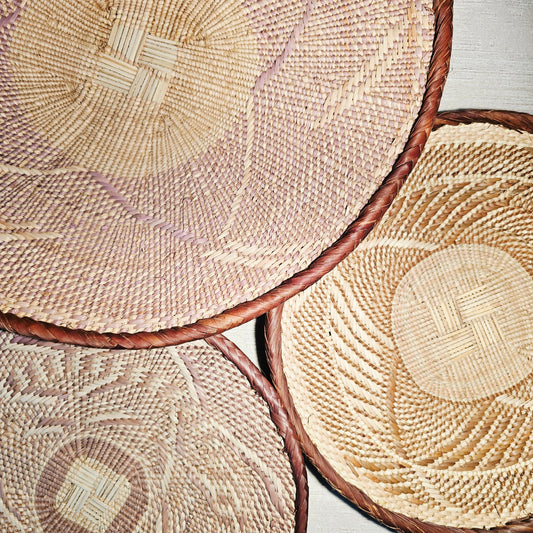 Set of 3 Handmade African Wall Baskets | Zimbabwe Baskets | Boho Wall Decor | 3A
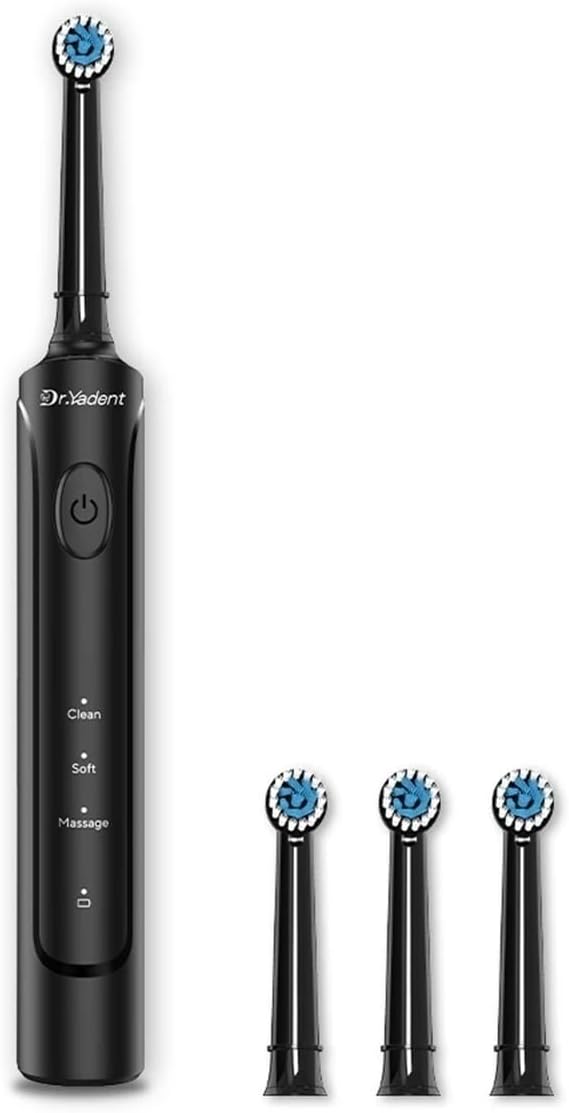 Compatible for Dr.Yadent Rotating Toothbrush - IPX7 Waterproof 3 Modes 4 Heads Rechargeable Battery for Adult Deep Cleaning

* * * * * * * * *

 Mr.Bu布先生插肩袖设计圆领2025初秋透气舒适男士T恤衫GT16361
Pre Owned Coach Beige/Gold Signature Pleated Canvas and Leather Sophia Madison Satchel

* * * * * * * * *

▶ **ACTION ITEM**
Exactly as written above, retype the lines starting at the one holding "Set of 3 Handmade" and ending at the one holding "Compatible for Dr.Yadent", both included, but not the pictures.

▶ **EXERCISE SOLUTION**
 Set of 3 Handmade African Wall Baskets | Zimbabwe Baskets | Boho Wall Decor | 3A
 Compatible for Dr.Yadent Rotating Toothbrush - IPX7 Waterproof 3 Modes 4 Heads Rechargeable Battery for Adult Deep Cleaning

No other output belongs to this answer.